* [TASK INPUTS]
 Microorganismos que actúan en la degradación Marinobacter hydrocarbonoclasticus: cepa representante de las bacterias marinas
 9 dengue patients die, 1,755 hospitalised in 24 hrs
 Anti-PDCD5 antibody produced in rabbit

==

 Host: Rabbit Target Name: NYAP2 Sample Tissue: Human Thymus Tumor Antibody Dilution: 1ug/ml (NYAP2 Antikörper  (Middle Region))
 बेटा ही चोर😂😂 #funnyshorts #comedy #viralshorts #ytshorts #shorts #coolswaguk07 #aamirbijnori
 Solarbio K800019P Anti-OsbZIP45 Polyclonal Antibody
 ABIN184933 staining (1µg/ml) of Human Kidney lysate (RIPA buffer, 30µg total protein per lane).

==

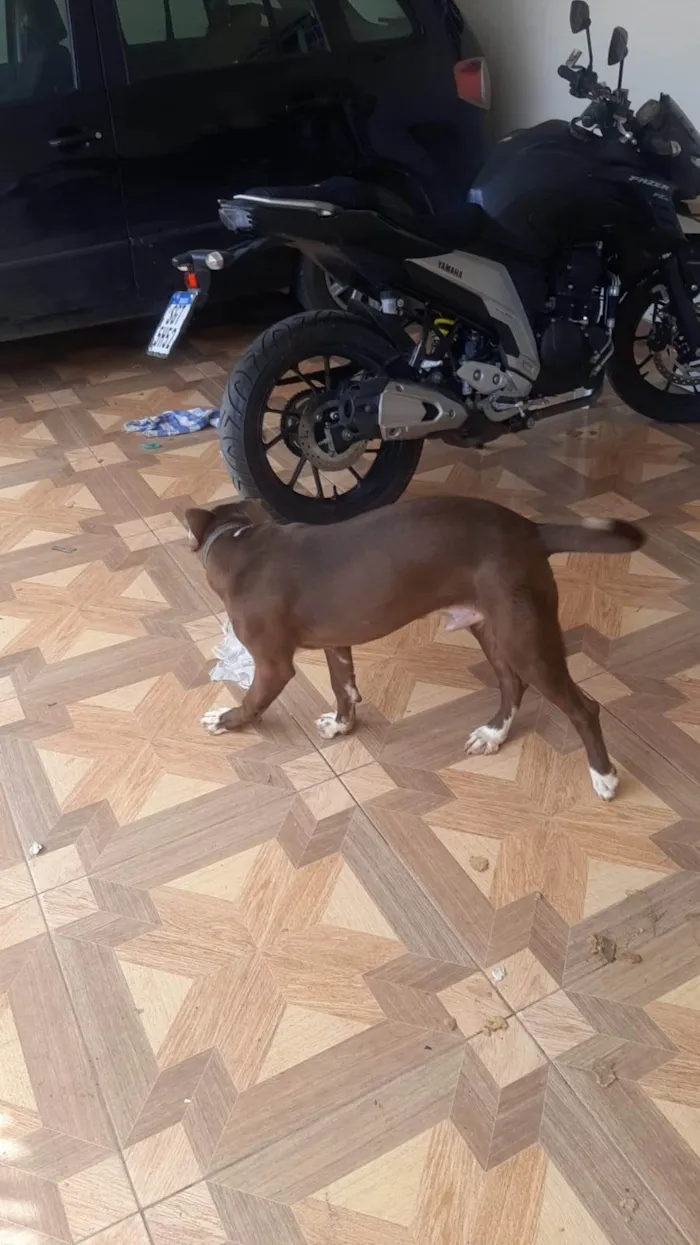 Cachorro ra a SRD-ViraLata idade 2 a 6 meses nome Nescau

* [TASK TO CARRY OUT] Reproduce word for word the material above, starting with the line that has "Solarbio K800019P Anti-OsbZIP45" and stopping after the line that has "ABIN184933 staining (1µg/ml)".

* [PROBLEM SOLUTION]
 Solarbio K800019P Anti-OsbZIP45 Polyclonal Antibody
 ABIN184933 staining (1µg/ml) of Human Kidney lysate (RIPA buffer, 30µg total protein per lane).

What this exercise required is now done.